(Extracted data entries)

++++++++++++++++++++

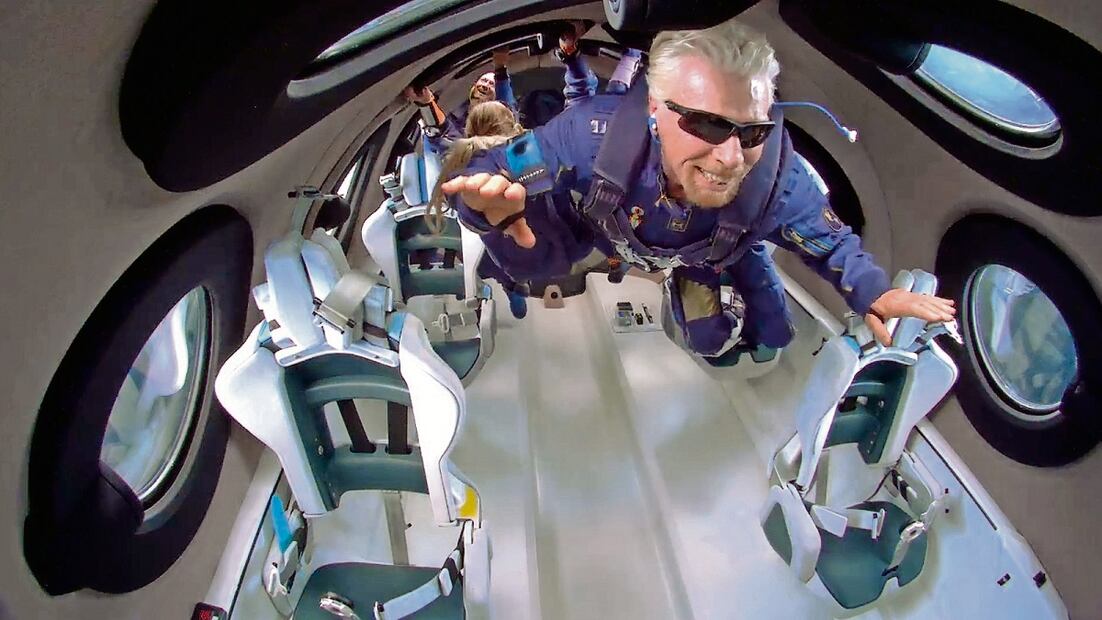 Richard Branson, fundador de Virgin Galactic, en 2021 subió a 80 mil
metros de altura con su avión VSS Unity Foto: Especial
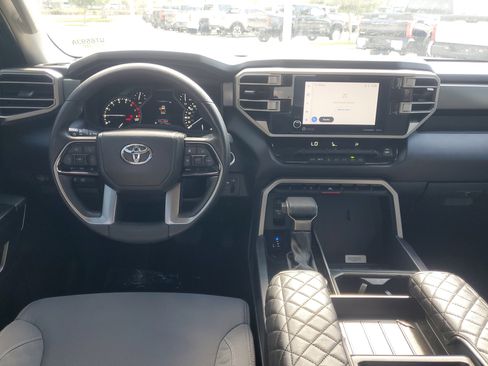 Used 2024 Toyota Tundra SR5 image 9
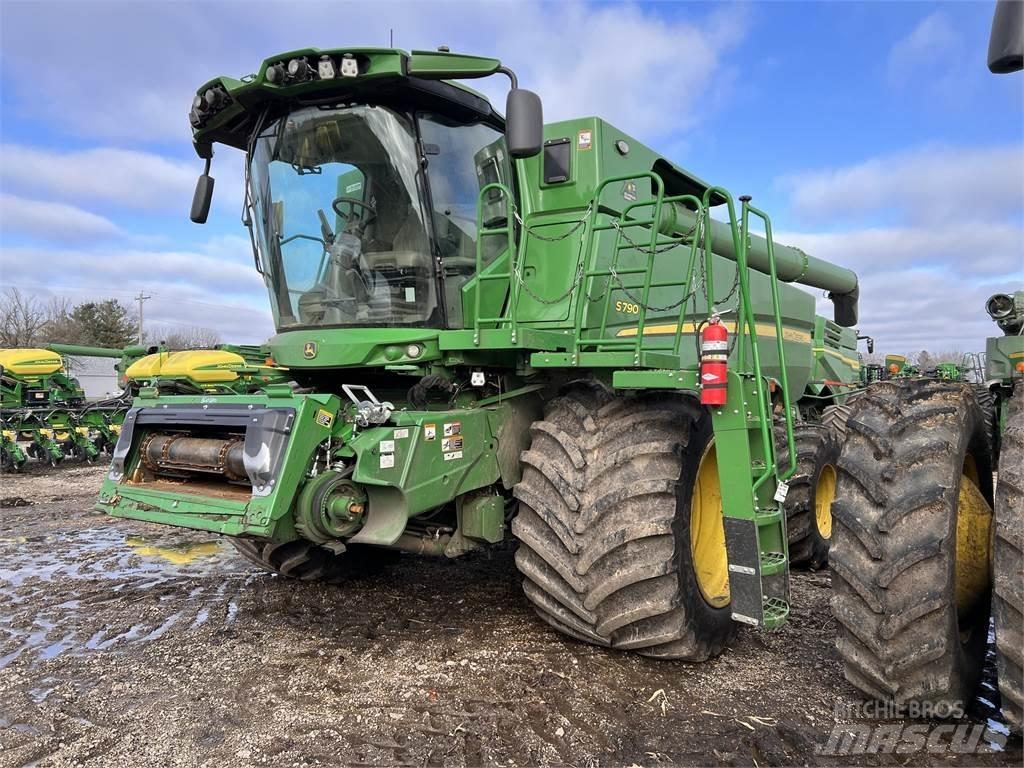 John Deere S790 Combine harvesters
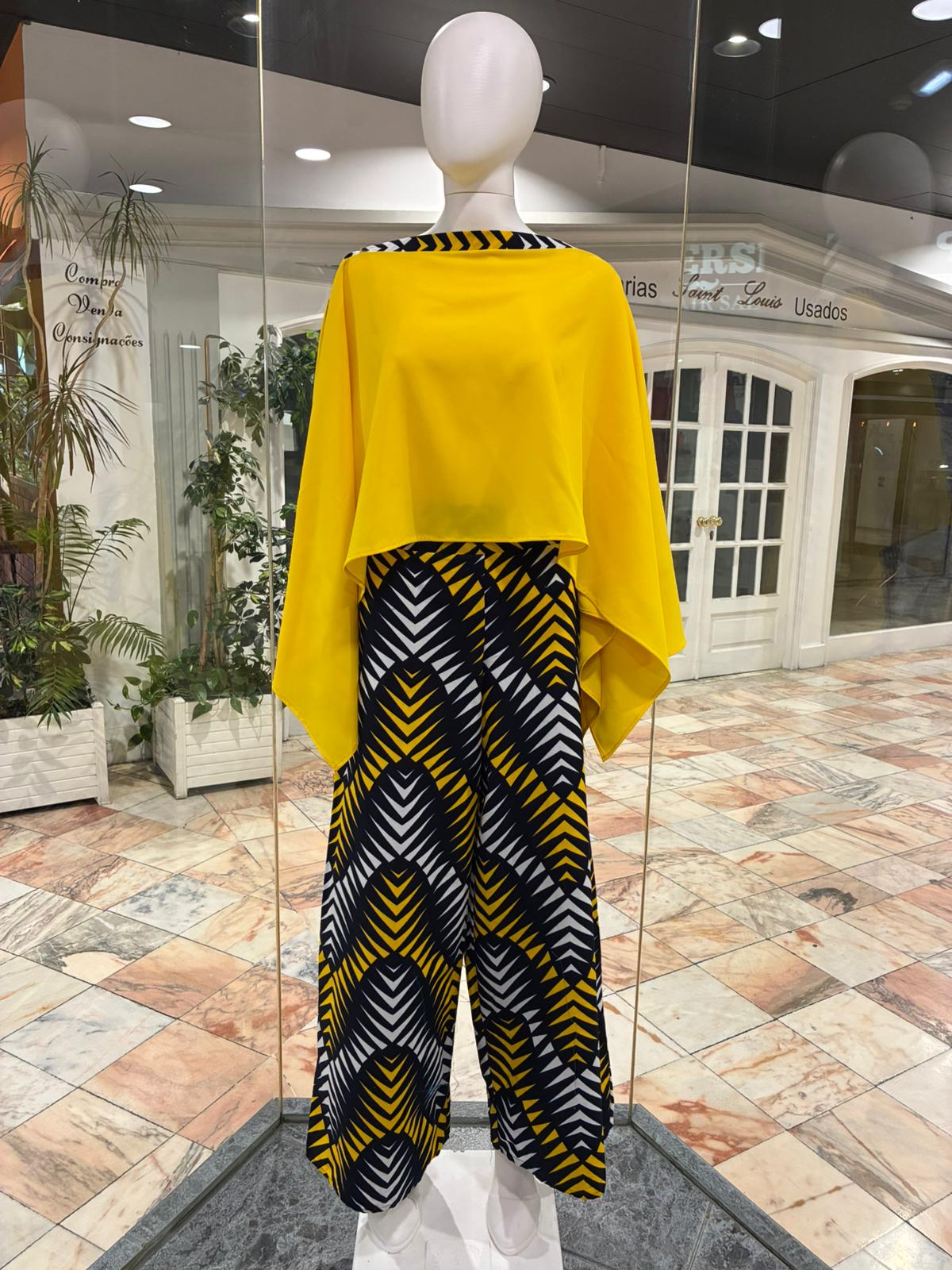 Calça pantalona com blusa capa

++++++++++++++++++++

◆ TASK TO CARRY OUT
Write out nothing but the lines from the one with "John Deere S790 Combine harvesters" through the last line of the entries, exactly as they stand; pictures are not part of the copy.

◆ EXERCISE SOLUTION
 John Deere S790 Combine harvesters
 Calça pantalona com blusa capa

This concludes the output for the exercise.